Finance Dec 18, 2020

Which of the following is NOT a reason why a firm's financial managers must take great care when making investment decisions?

A) These investment decisions determine whether the firm will add value for its owners.

B) These investments determine the long-term directions in which the company may move.

C) These investment decisions determine the corporation's mix of debt and equity.

D) These investment decisions typically involve substantial costs which must be carefully weighed against their potential benefits.

Expert Solution

The current statement is option C) These investment decisions determine the corporation's mix of debt and equity.

The investment decision is not a determent factor to decide the company's capital structure, which is prominent in taking the financing decision of a firm.

Option A: Investment decisions should add value to the company owners (shareholders). The future returns of the company ultimately depends on the selection of assets chose for investment in the investment decision. Based on the investment the company can improve the dividend distribution to its shareholders that eventually leads to an increase in the value of shareholders.

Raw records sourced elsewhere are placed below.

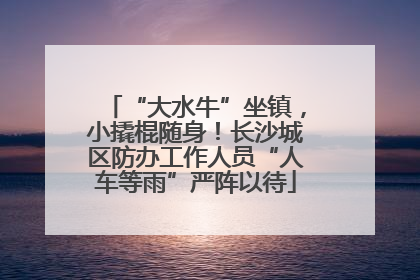 “大水牛”坐镇，小撬棍随身！长沙城区防办工作人员“人车等雨”严阵以待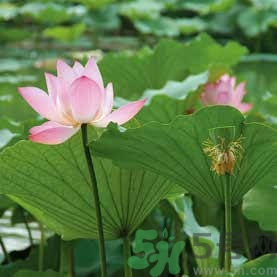 蓮子有什么功效與作用 蓮子的食用方法禁忌 蓮子有什么功效與作用 蓮子的食用方法禁忌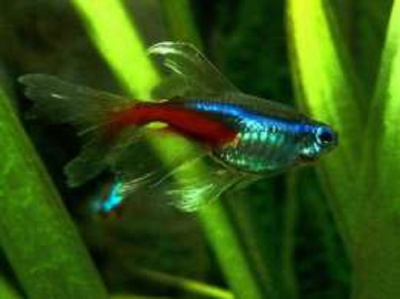 Неон голубой Вуалевый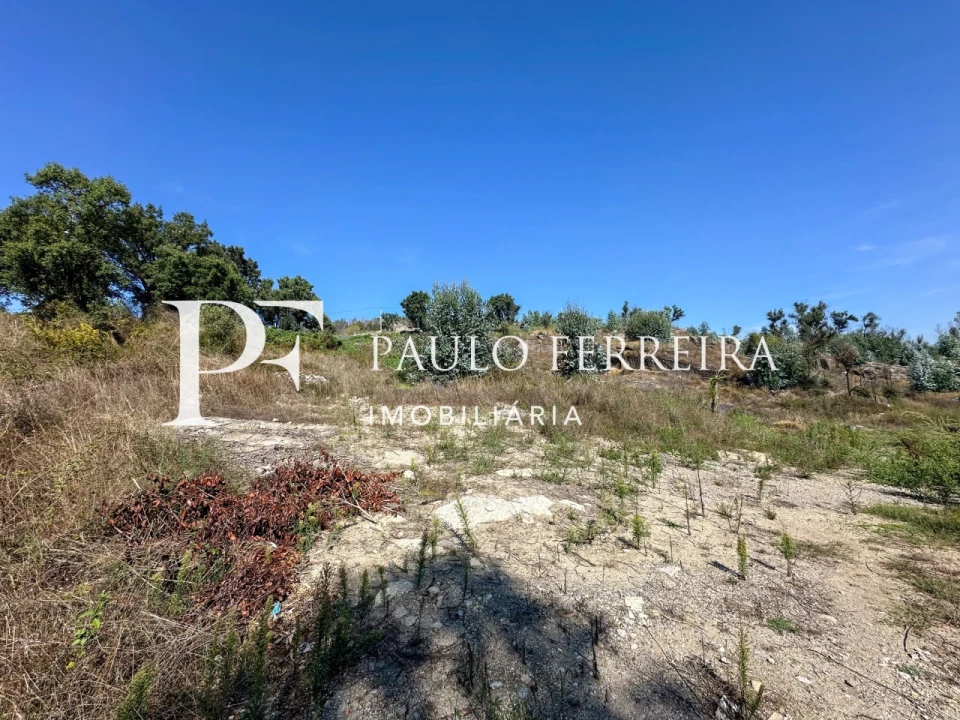 Terreno para Venda em Requião Foto 5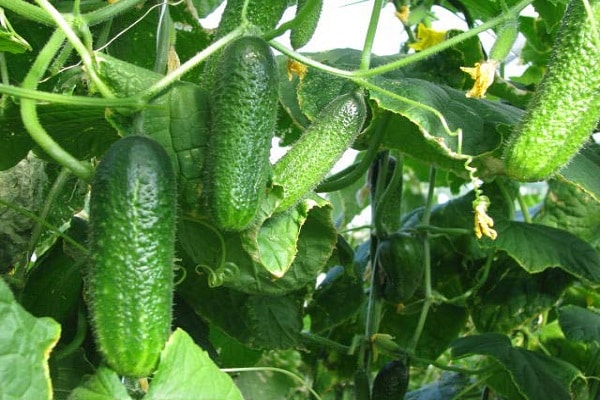 green cucumbers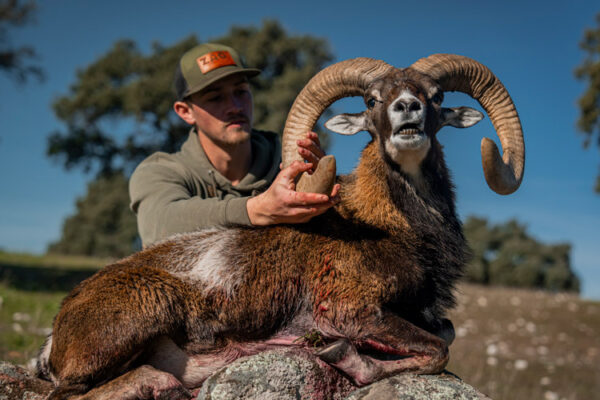 hunt mouflon in spain driven hunts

Option B: Investment decision helps a business to predict the long-term directions as the decision is to invest in suitable assets that covers long-term as well as short-term assets, by making use of the available resource of a business, which should benefit the company in future, otherwise, it leads to the wastage of resources.

Option D: The investment decision should balance the cost and benefit that arrives from the endowments. If the cost is more than the benefit, then the company would incur a loss in the future. So, adequate care must take before making an investment decision.